Douglas Schwartz said:

It is surprising how quickly people in government forget the injustices of the Blacklist era and the House Committee on Un-American Activities. It hasn't even been a century since the Smith Act attempted to regulate our thoughts about Communism.

Kyeann said:

I agree, Douglas! We have a very short historical memory. I knew about the HUAC but do not know about the Smith Act. Will read about it now!

Tyler said:

It's as if the book 1984 was only a few decades off. Judging by the direction this bill would take us.

Jared Lorz said:

Hmm an interesting point but I'm not sure if I agree with you.

Jared Lorz

Theo said:

Douglas: I disagree. I think not only they perfectly remember it, but they long for the return of that era.

They simply don't see it as an injustice. For some people out there in the government, M.L. King actually was a terrorist, an enemy of their interest. Don't forget he was killed.

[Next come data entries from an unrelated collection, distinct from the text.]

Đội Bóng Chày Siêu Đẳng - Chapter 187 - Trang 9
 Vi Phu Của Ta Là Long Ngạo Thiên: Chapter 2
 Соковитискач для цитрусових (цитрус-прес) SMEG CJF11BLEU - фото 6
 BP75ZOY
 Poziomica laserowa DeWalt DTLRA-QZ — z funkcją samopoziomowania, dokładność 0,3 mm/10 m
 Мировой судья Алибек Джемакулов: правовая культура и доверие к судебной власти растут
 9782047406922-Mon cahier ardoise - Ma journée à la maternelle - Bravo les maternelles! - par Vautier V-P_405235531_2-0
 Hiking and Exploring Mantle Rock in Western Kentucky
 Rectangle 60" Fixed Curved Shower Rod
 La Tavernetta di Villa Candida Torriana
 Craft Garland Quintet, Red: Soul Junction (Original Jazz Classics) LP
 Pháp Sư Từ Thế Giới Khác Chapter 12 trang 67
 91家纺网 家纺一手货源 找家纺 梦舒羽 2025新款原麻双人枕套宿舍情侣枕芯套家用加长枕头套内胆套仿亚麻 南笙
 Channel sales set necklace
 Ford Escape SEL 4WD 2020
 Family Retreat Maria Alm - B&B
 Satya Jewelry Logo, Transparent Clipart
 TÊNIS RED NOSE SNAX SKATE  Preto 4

Malcolm X too.

concerned said:

History has shown that efforts to forcefully impose civility/law and order do more to encourage combative attitudes and militant organizations than to prevent their rise. (ex. Black Panthers, SDS, The weathermen and others) I think that the more this issue is pressed, the non-violent opponents and supporters of free speech will become more violent, and regular everyday people will be reduced to the clichés and stereotypes that they are trying to fight. Look at Kent State. It is our own government's fear and the fear it is disseminating to us that is driving irrational and tyrannical policy and action. If we fear terrorism, we have already lost. The free and open society that many of the eastern groups are opposing is slowly digressing into a society that is neither free nor open. To continue down this road is to betray all of those that have fought and bleed for freedom. A simple "aye" in response to this matter, coats your own hands in the blood of those whose sacrifices we should be upholding. The government should know that if it continues down this road, it will make enemies of us all, and no power can contend with that of the people, but in this process unnecessary loss of life is great and it is the last thing that we would want to wish upon ourselves.

Vote Ron Paul '08

S. Dogood said:

I can't believe it, the terrorists have succeeded in destorying the American way of life. The catch is the terrorist were able to engineer it so that the government's own paranioa caused the downfall of the American way life, you know like the freedom to express our own views on politics and religion, and not the terrorists themselves.

abibtniys said:

This legislation looks like it could also be use of outlaw strikes -- union busting -- and create more poverty.

Mike said:

Sadly, the terrorists have won. Our leadership has been outsmarted and outmaneuvered at every turn by the "ignorant terrorists". Now our civil liberties are in shambles, the rule of law is a joke, our economy is on the brink of collapse and the terrorists are laughing openly.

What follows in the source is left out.